Rwandan jurist and judge (born 1964)

Domitilla Mukantaganzwa (born 11 November 1964) is a Rwandan jurist and judge. She has been the second female president of the Supreme Court of Rwanda and the High Council of the Judiciary since 2024.

==Early life and education==
Mukantaganzwa was born 11 November 1964 in Kimihurura District, Kigali, Rwanda. She completed her studies in economics and obtained a law degree from the National University of Rwanda in 1987. She subsequently went on to gain a Master’s degree in Peace Studies and International Relations at the Institute of Peace Studies and International Relations at Hekima University College in Kenya, and undertook further studies at the Institute of Legal Practice and Development.

==Career==
In 1987, she became deputy mayor and subsequently worked as a legal adviser at the Ministry of the Interior and Municipal Development and at the Ministry of Agriculture and Livestock. Between 1994 and 1998, Mukantaganzwa became Director-General of the Ministry of Social Affairs and Labour and also served as a director at the UNICEF. She was member of the Constitutional and Legal Affairs Committee in 1999, where he was one of the members of the Commission responsible for drafting the 2003 Constitution.

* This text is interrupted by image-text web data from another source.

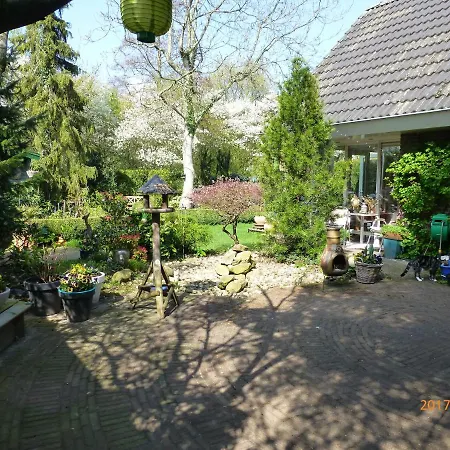 Wiersse 68-2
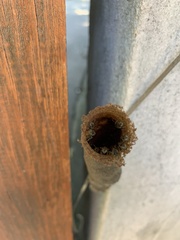 Nannotrigona testaceicornis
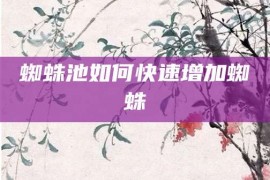 蜘蛛池如何快速增加蜘蛛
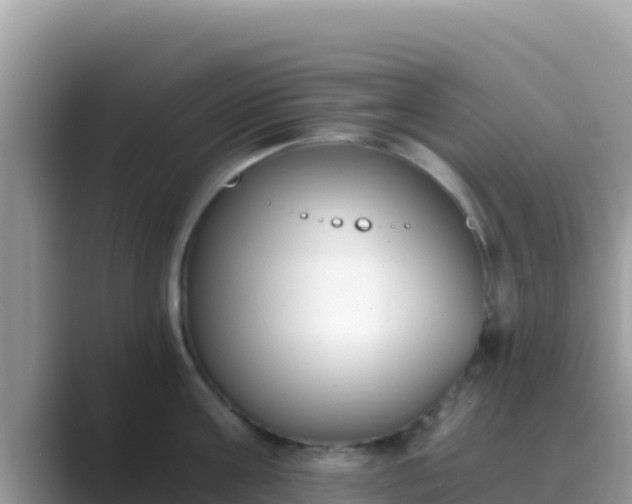 X0000089830811200707051037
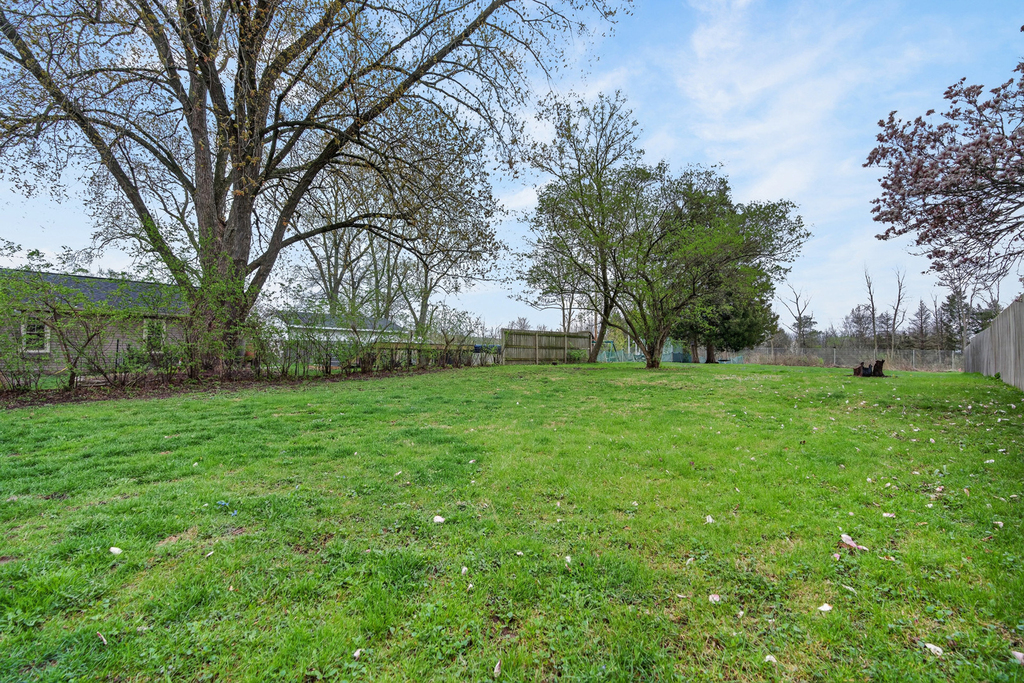 320 Chalmers Street - Photo 14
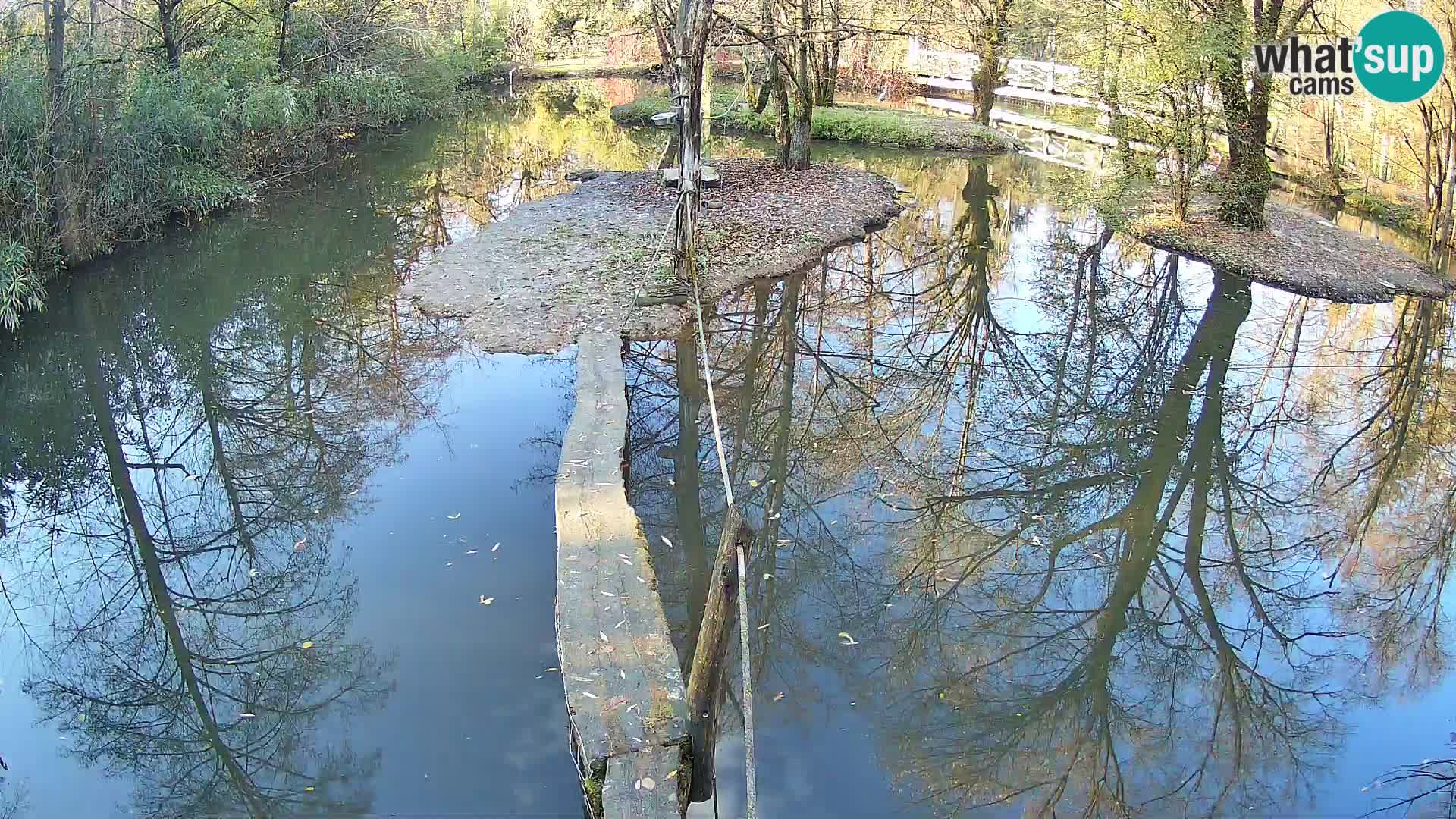 Lémur rufo blanco y negro – Ljubljana Zoo en vivo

Mukantaganzwa served as executive secretary of the National Gacaca Courts Service between 2003 and 2012, overseeing trials from the Tutsi genocide. In December 2019 was named president of the Rwanda Law Reform Commission. On 3 December 2024 President of Rwanda Paul Kagame appointed her the new president of the Supreme Court of Rwanda to replace Faustin Ntezilyayo. She was sworn in on 12 December 2024.